From Catholic priests to businessmen to PKK cadre members, the belief that America created ISIS appears prevalent in Kurdistan. Why do so many Kurds from so many different walks of life think that ISIS is an American construction, when the U.S. military has spent so much time, energy, and lives fighting Islamic extremism in Iraq, to include ISIS? Given that American advisors are on the ground helping the Kurds, and coalition aircraft drop bombs on ISIS targets on a daily basis, this belief is about as irrational as it is common.

This article is based on anecdotal accounts rather than census data, but because the topic comes up so frequently in conversations with so many people in Kurdistan, the subject is worth analyzing.

Conspiracy theory runs thick in much of the Middle East, including Iraq and Kurdistan. Local and international politics are often seen through the prism of byzantine power plays made by secret puppet masters behind the scenes. In a region where sheiks and kings have been poisoning each other’s couscous for thousands of years, it isn’t hard to see why.

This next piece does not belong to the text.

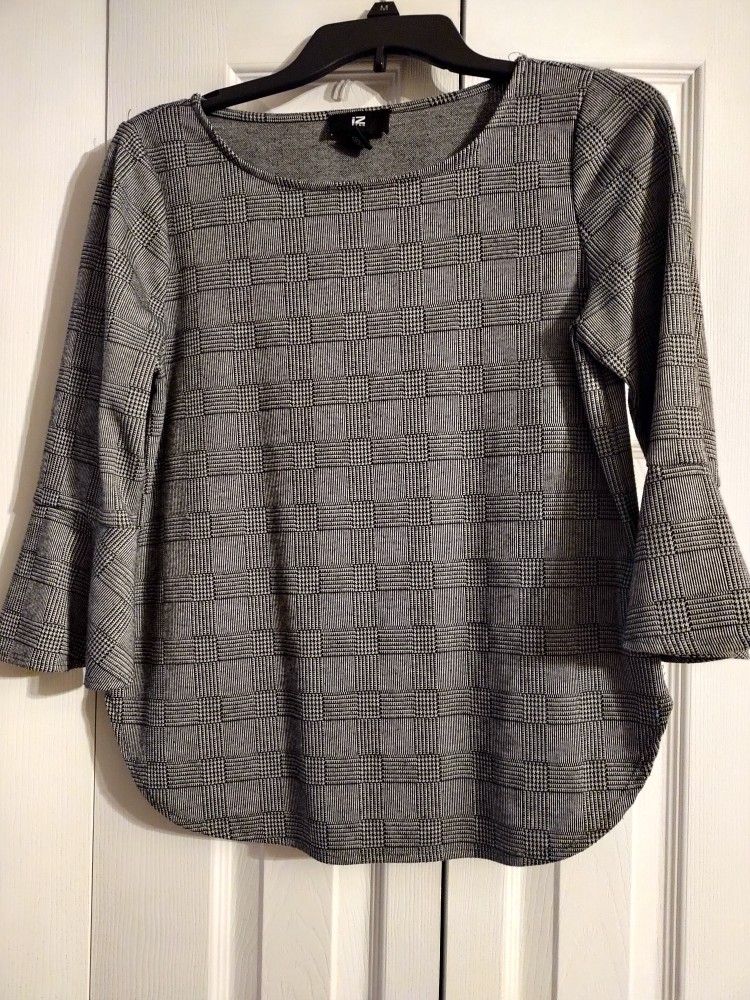 IZ Byer women's medium grey bell sleeve top 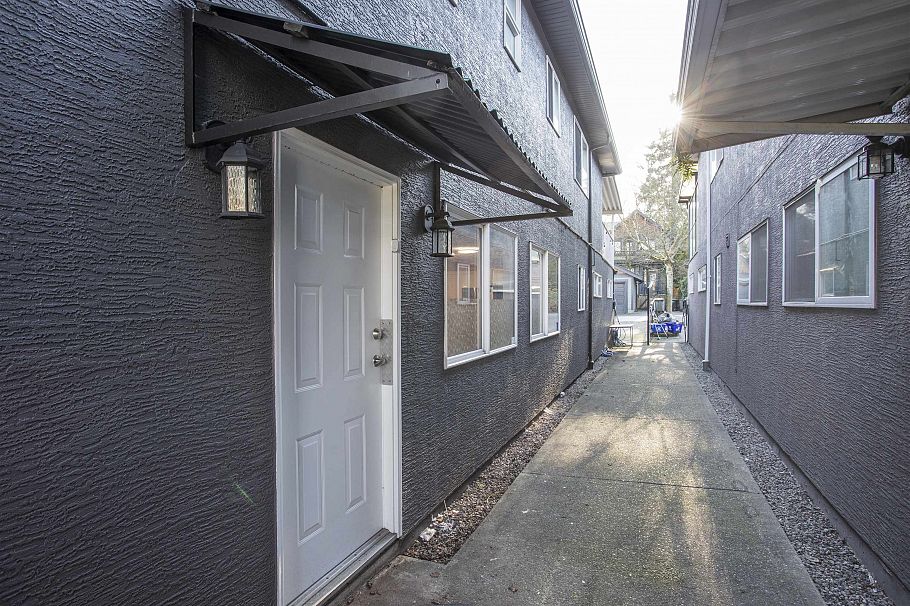 1278 E 13th Avenue Vancouver, BC - 24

One example is the fall of Sinjar last year. Peshmerga were sent to defend the city where the Yezidi minority group lives against ISIS forces. But as the jihadis advanced on Sinjar, the Pesh abandoned their posts and fled. ISIS laid waste to Sinjar, murdering and raping their way through the city, selling women and girls into sexual slavery, and forcing Yezidi men to convert to Islam and fight with them or face execution. The truth of what really happened in Sinjar is difficult to discern. Depending on who you talk to, there is a conspiracy theory to explain what really happened.